MADDE 13- 6102 sayılı Kanunun 375 inci maddesinin birinci fıkrasının (d) bendinde müdürlerin ve aynı işleve sahip kişiler ile imza yetkisini haiz bulunanların tamamının atanmaları ve görevden alınmaları yönetim kurulunun devredilmez görev ve yetkileri arasında sayılmaktadır. Yönetim kurulu kararı ile yerine getirilmesi gereken bu işlemler, yetki devrine konu edilememektedir. Fıkranın anılan bendinde yer verilen "müdürler ile ayni işleve sahip kişiler" ifadesi ile aynı fıkranın (a) bendinde hüküm altına alınan "üst düzey yönetim"e ilişkin düzenleme yapılmasının amaçlandığı, üst düzeyde yönetimin genel işletme politikası başta olmak üzere yatırım, finansman, temettü gibi politikaların belirlenmesi, belirlenen politikalar çerçevesinde hedeflere ulaşılması için araçların seçilmesi, hedeflere ulaşılıp ulaşılmadığının veya ulaşılıp ulaşılmayacağının belirlenmesi, fınansal uygulamaların kontrolü ve stratejilerin tespiti olduğu, bunları gerçekleştirecek üst düzeyde yöneticinin de yönetim kurulu tarafından belirlenen stratejiyi, politikaları, makro planlan uygulayacak yönetim teşkilatının başındaki kişiler olduğu, ancak buna rağmen (d) bendinin lafzı dikkate alındığında şirketin tüm müdürlerinin ve imzaya yetkili olanların atanmaları ve görevden alınmalarının yönetim kurulunun devredilmez görev ve yetkileri arasında yer aldığı ve hükmün yorumunda uygulamada ihtilaflar yaşandığı anlaşılmaktadır. Bununla birlikte şirketlerin kurumsallaşması ve rekabet güçlerinin artırılması bakımından, şirket faaliyetlerinin şirket merkezi dışındaki yerlerde yürütülmesi adına şube açılması günümüz ticari hayatının gerekliliklerinden biri haline gelmiştir. Mevcut ve yeni açılacak şubelere ilişkin süreçlerin hızla tamamlanması da büyük önem arz etmektedir. Bu doğrultuda, şube ağı geniş olan ve temsile yetkili çalışan sayısı fazla olan şirketlerde görevli her düzeyde çalışanın atanma ve görevden alınmalarına ilişkin yetkinin yönetim kurulunca devredilememesinin iş süreçlerini zorlaştırdığı değerlendirilerek, şirket işlemlerinde kolaylık sağlanması adına şirketin üst düzey yöneticileri dışında kalan kişilerin atanma ve görevden alınmaları yönetim kurulunun devredilemez ve vazgeçilemez görev ve yetkileri arasından çıkarılması ve uygulamada yaşanan tereddütlerin giderilmesi amaçlanmaktadır.

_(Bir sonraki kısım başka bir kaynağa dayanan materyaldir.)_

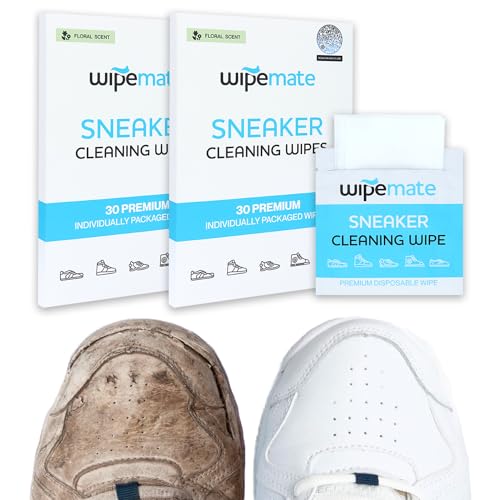 WIPEMATE Disposable Sneaker and Sole Cleaner, Premium Sneaker Cleaning Wipes Individually Packaged, Removes Dirt, Grime & Stains, Erase Scuffs off Sneakers and Shoes Effortlessly! – 30 Count [2 Pack]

MADDE 14- 6102 sayılı Kanunun 392 nci maddesinde yönetim kurulunu toplantıya çağırma yetkisi yalnızca yönetim kurulu başkanına ve Kanunun genel düzenlemeleri uyarınca yönetim kurulu başkanına ulaşılamadığı hallerde yönetim kurulu başkan vekiline bırakılmıştır. Ancak yönetim kurulu toplantısı yapılması ve müzakere ihtiyacının ortaya çıktığı bazı hallerde yönetim kurulu başkanı bu isteme sessiz kalabilmektedir. Bu durum şirketin idaresi yetki ve görevini yürüten yönetim kurulunun karar alma süreçlerini zora sokmakta ve yönetim kurulunun çoğunluğunun iradesinin uygulamaya yansımasına engel olmaktadır. Bu halde konu yargılama süreçleri neticesinde çözüme kavuşturulabiliyor olsa da bu durum şirketin karar alma süreçlerini uzatmakta ve yargının iş yükünü artırmaktadır. Yapılan değişiklikle, yönetim kurulu üyelerinin çoğunluğu tarafından yapılan toplantı istemlerinde, yönetim kurulu başkanına yönetim kurulunu toplantıya çağırma yükümlülüğü getirilmekte, yönetim kurulu başkanınca yönetim kurulunun yine de toplantıya çağırılmadığı veya başkana/başkanvekiline ulaşılamadığı hallerde istemin doğrudan çağrı sahiplerince yapılabilmesine imkân sağlanmaktadır. Böylelikle yönetim organında müzakere ortamının oluşmasına katkı sağlanması amaçlanmaktadır.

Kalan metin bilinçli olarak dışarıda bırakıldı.